Task to complete: Please restate each line of the data that follows word for word, skipping any image.

Material provided:
####################

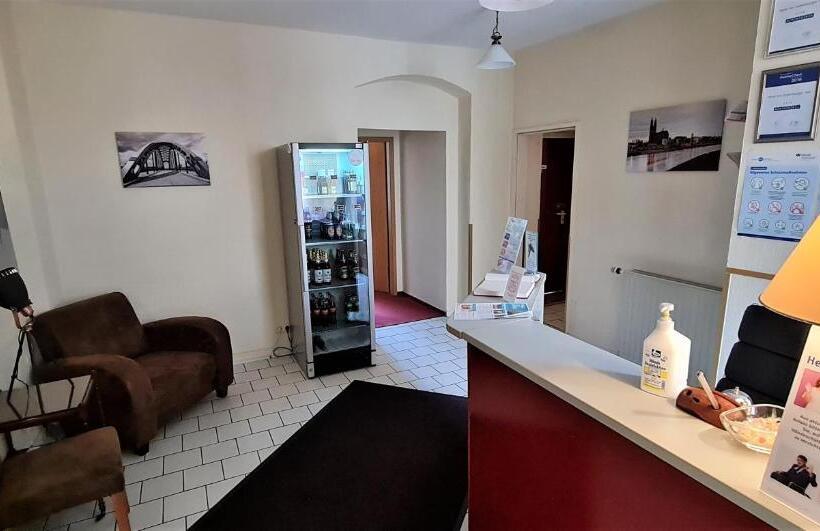 فندق Am Sudenburger Hof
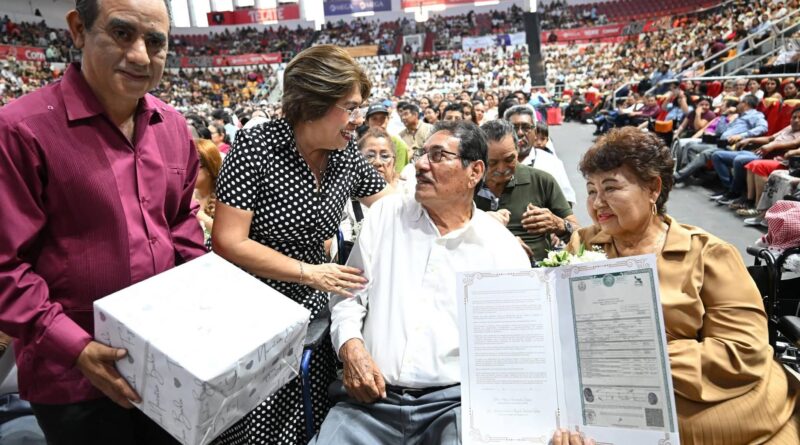 Casa Rosa María a mil 49 parejas en Bodas Colectivas 2026 del municipio de Veracruz.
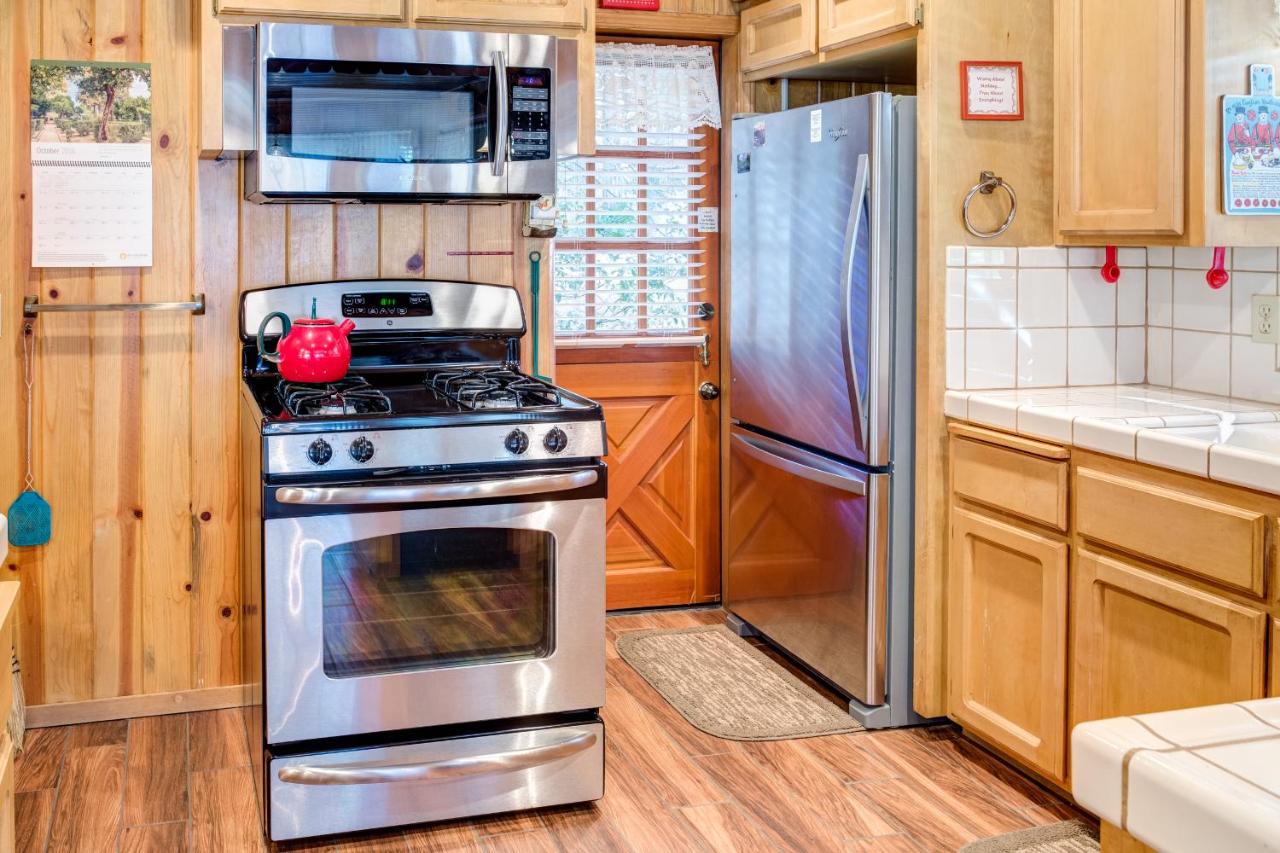 | 7 Cedar Lodge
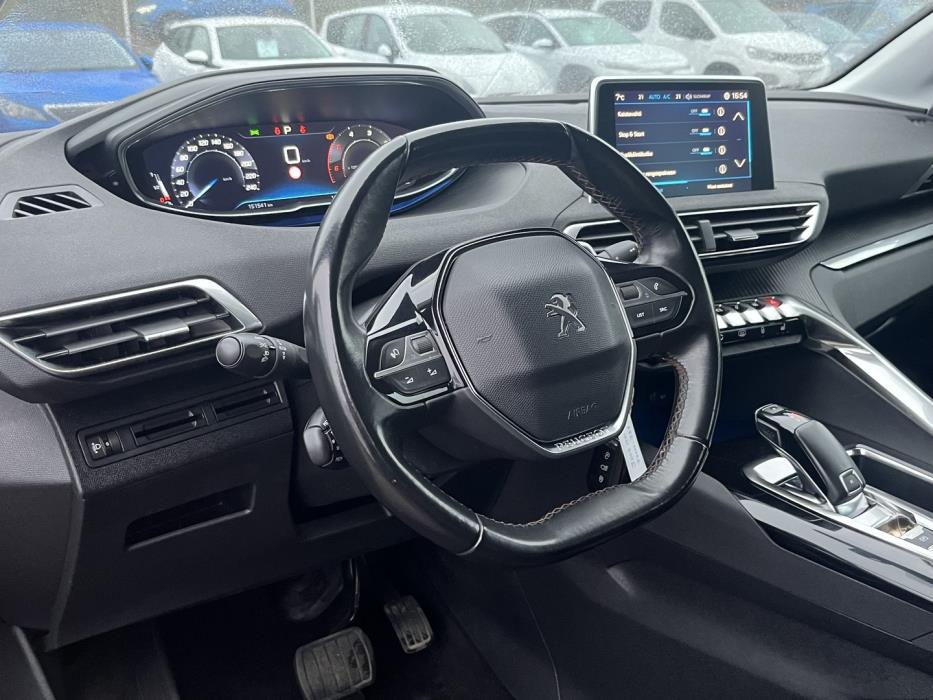 PEUGEOT 3008 2017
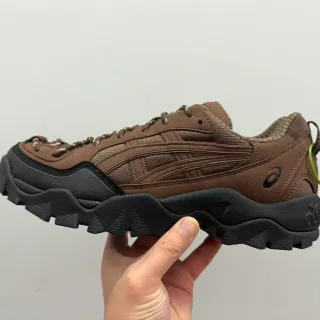 ASICS بني أسود سميك سولة قاسية شبكة مزيج علوي أسلوب حياة سنيكرز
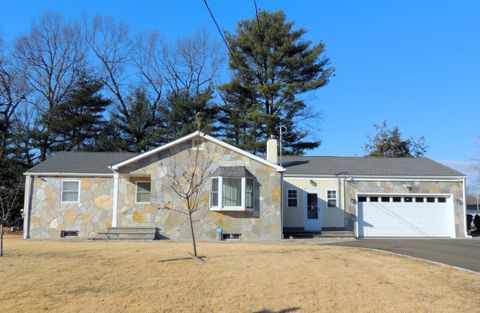 A home in Windsor Locks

####################

Result:
 فندق Am Sudenburger Hof
 Casa Rosa María a mil 49 parejas en Bodas Colectivas 2026 del municipio de Veracruz.
 | 7 Cedar Lodge
 PEUGEOT 3008 2017
 ASICS بني أسود سميك سولة قاسية شبكة مزيج علوي أسلوب حياة سنيكرز
 A home in Windsor Locks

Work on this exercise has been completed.